[TASK TO COMPLETE]: The expected result is an exact copy of the lines from the one holding "Lightbox Goldorak avec" to the last line of the material, with pictures removed and nothing added.

· · · · · · ·

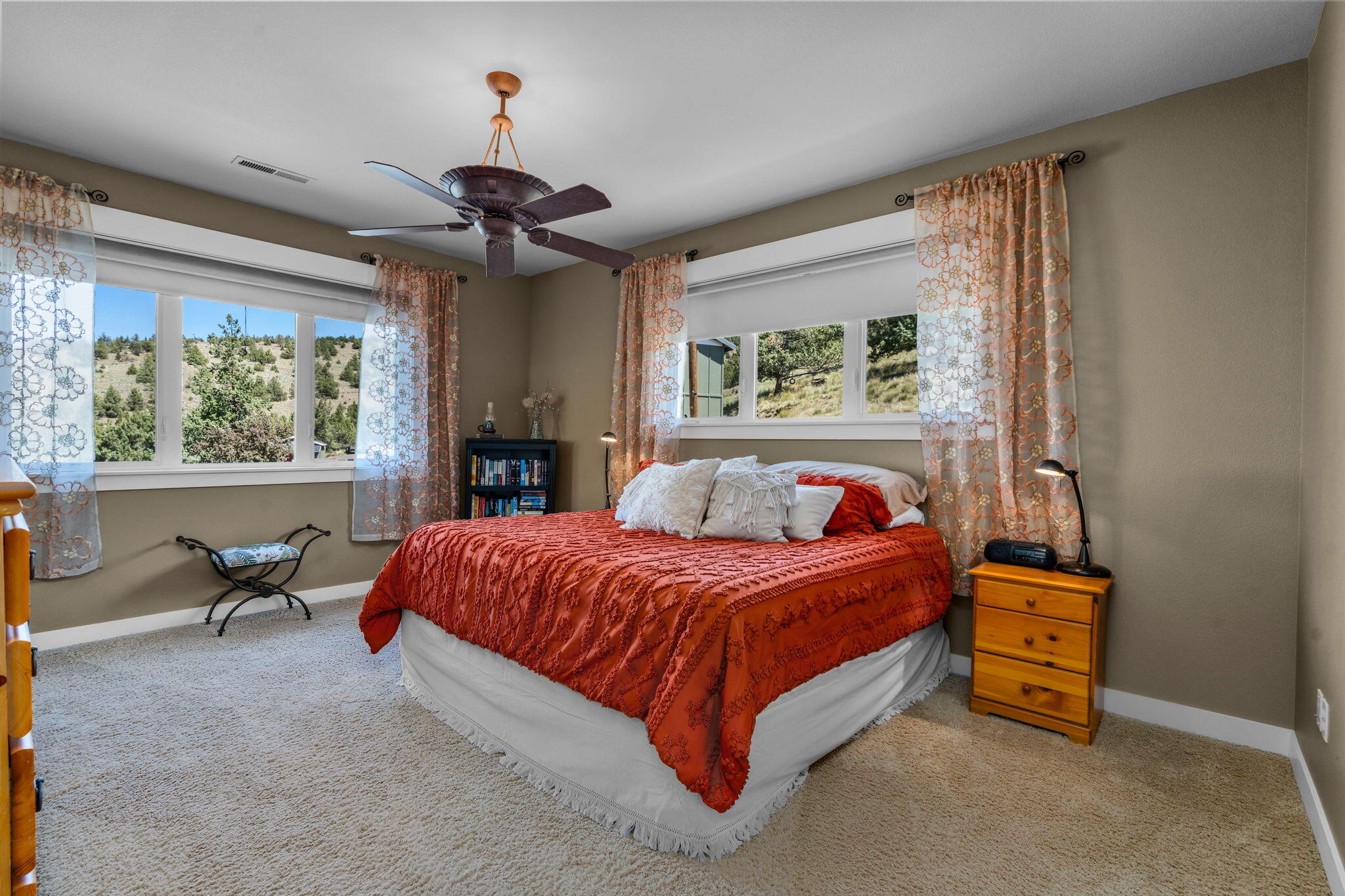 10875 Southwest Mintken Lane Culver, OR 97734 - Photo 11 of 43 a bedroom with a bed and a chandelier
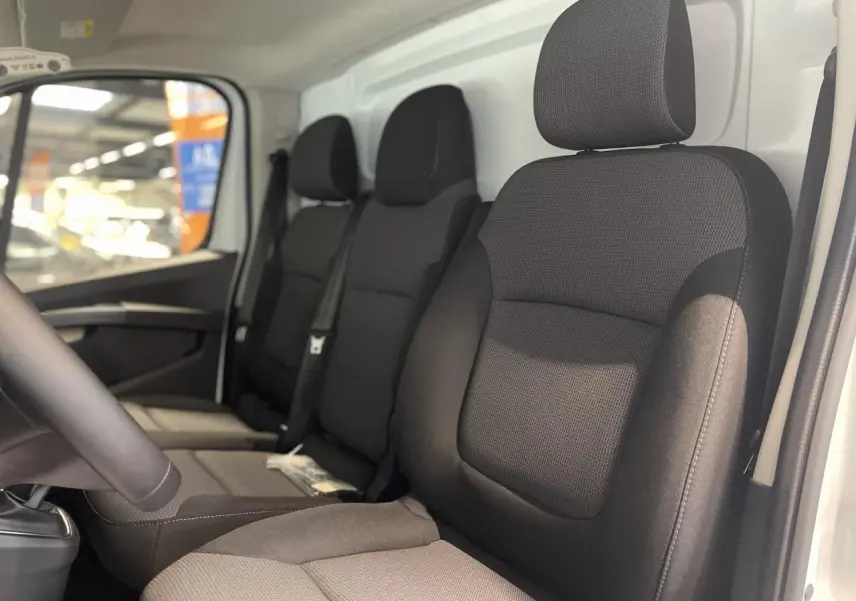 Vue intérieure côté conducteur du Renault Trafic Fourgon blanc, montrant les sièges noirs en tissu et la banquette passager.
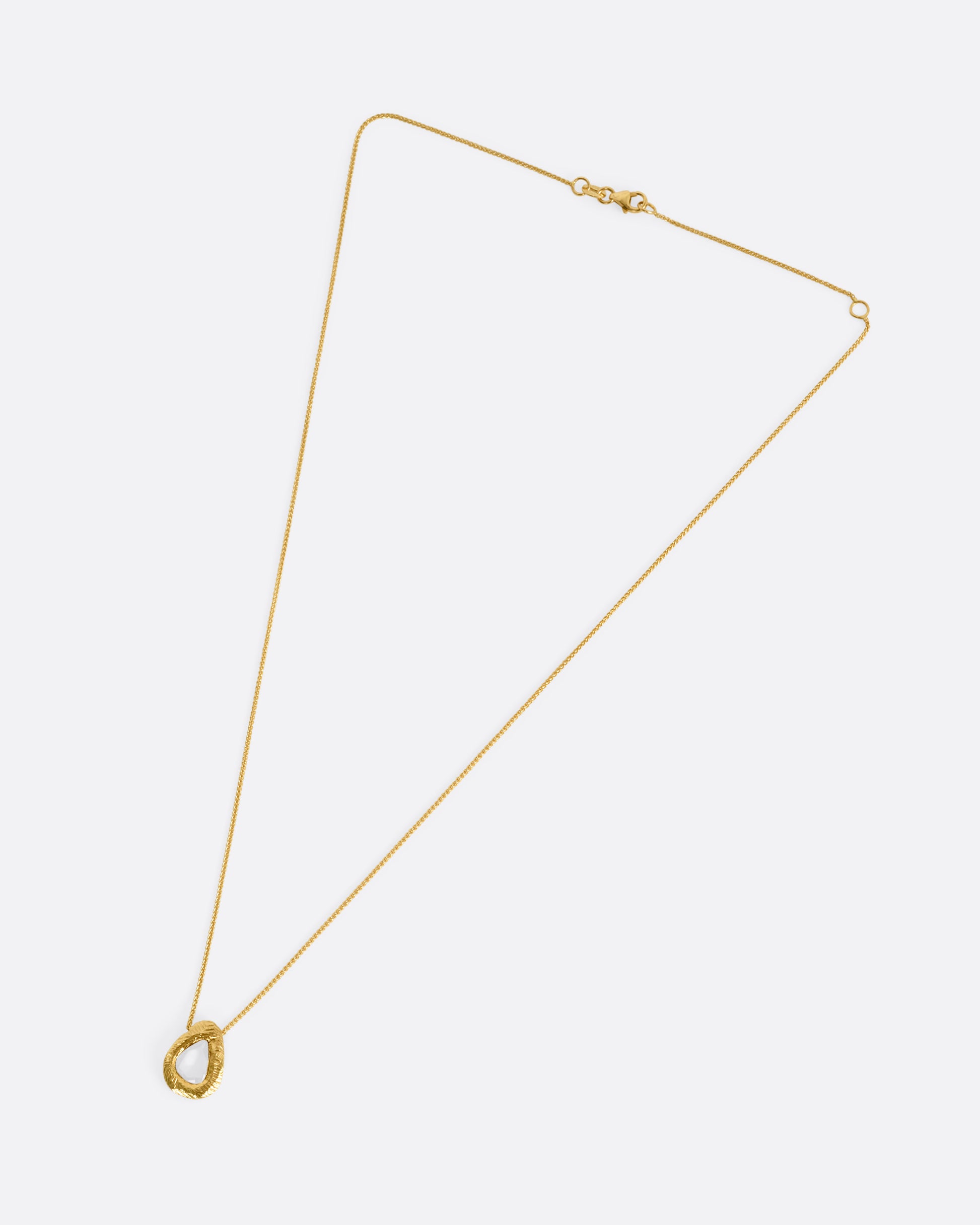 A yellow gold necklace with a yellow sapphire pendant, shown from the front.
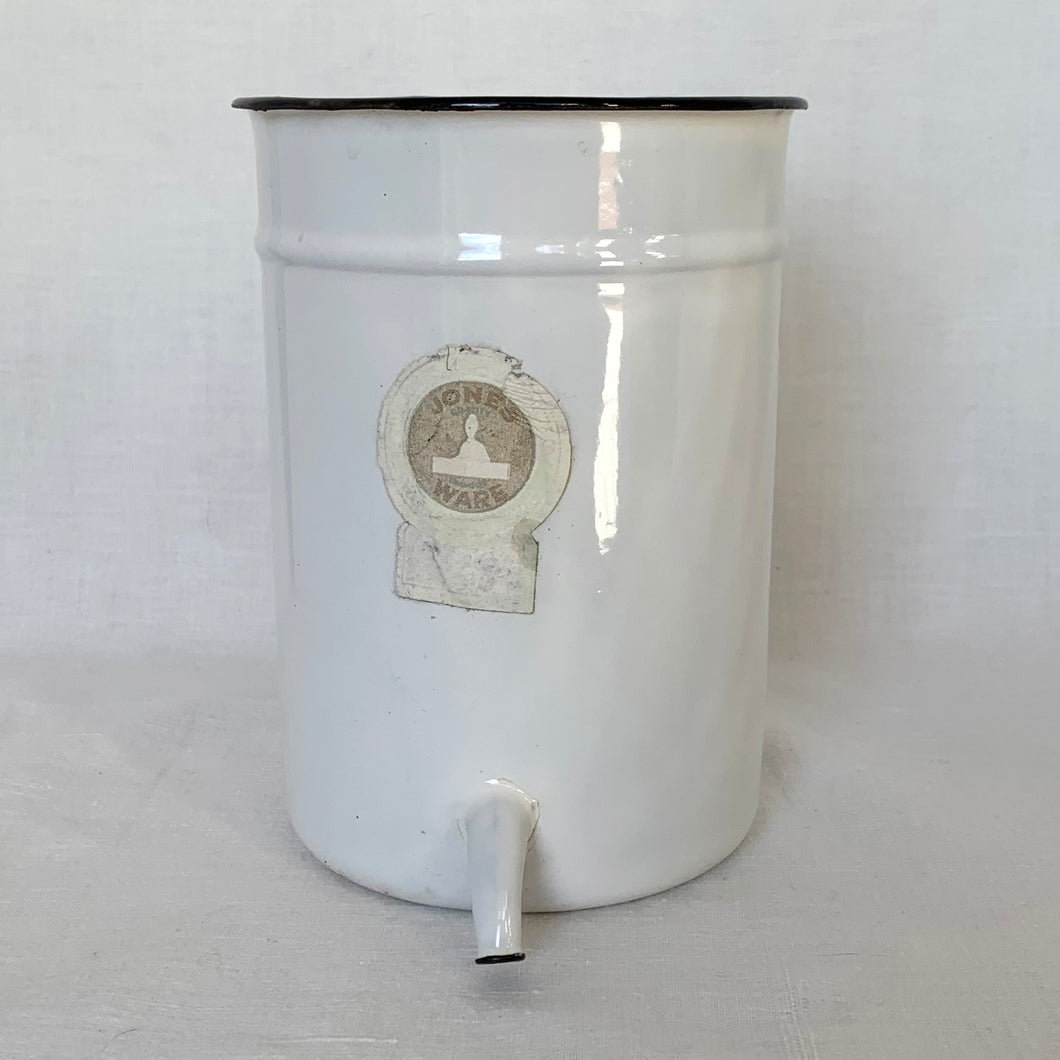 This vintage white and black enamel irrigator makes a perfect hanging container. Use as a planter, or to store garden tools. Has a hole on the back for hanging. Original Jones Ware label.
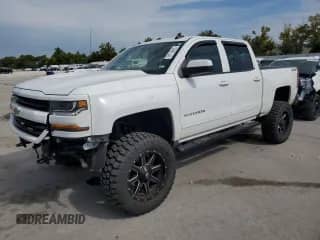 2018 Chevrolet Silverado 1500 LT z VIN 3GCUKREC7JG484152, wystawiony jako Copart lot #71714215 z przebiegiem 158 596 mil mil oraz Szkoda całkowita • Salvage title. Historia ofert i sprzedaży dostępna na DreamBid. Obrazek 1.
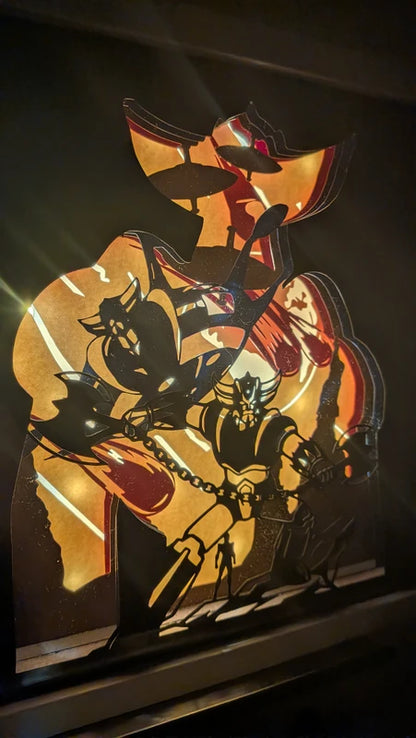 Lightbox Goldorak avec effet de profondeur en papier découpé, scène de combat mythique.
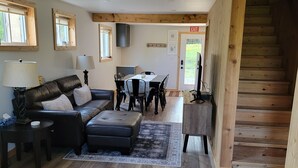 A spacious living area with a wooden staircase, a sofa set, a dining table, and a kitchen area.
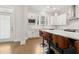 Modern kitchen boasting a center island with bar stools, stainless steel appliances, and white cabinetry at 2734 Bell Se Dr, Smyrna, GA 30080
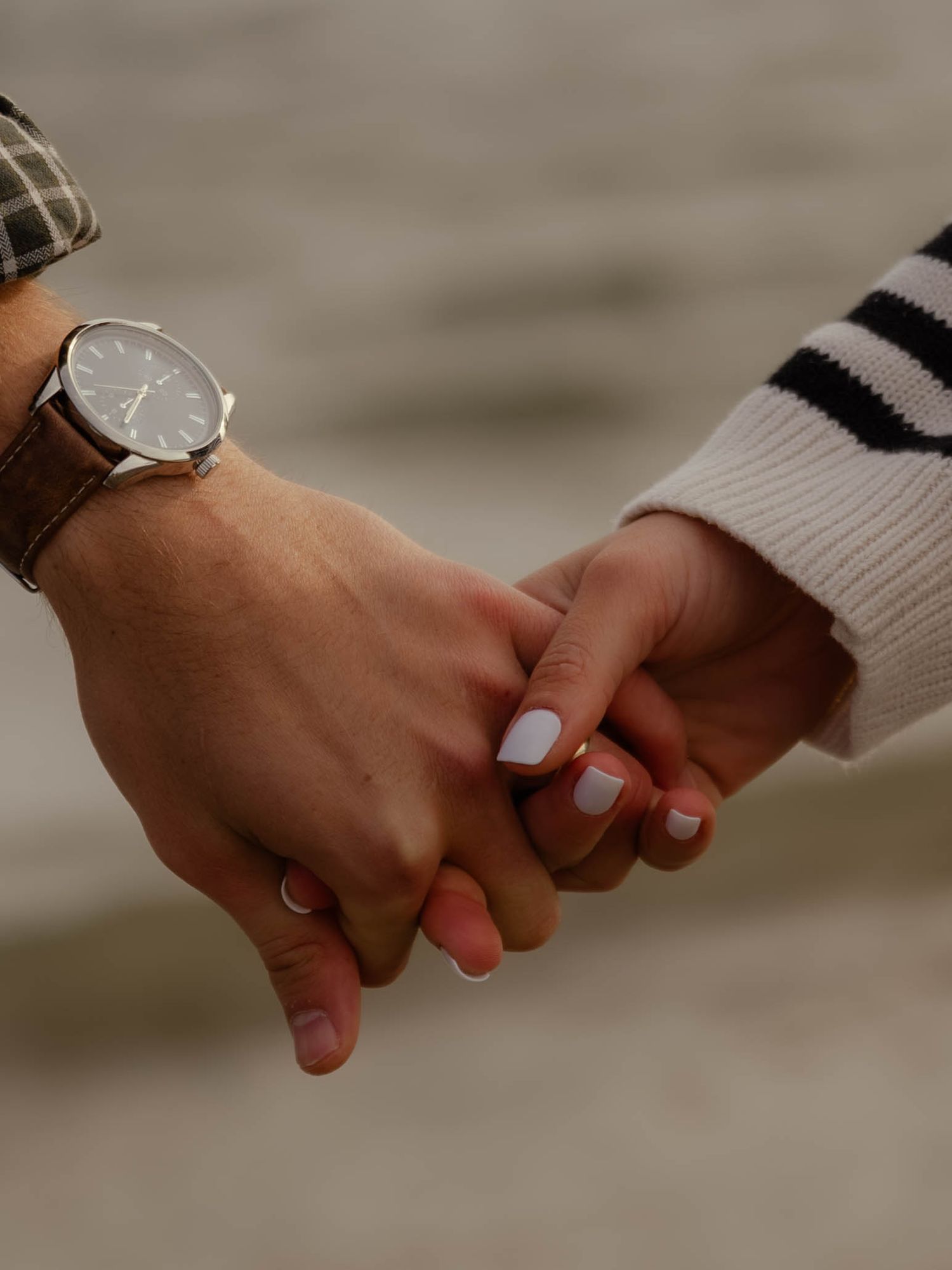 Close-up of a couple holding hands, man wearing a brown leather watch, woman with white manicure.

· · · · · · ·

[SOLUTION FOR THIS PROBLEM]:
 Lightbox Goldorak avec effet de profondeur en papier découpé, scène de combat mythique.
 A spacious living area with a wooden staircase, a sofa set, a dining table, and a kitchen area.
 Modern kitchen boasting a center island with bar stools, stainless steel appliances, and white cabinetry at 2734 Bell Se Dr, Smyrna, GA 30080
 Close-up of a couple holding hands, man wearing a brown leather watch, woman with white manicure.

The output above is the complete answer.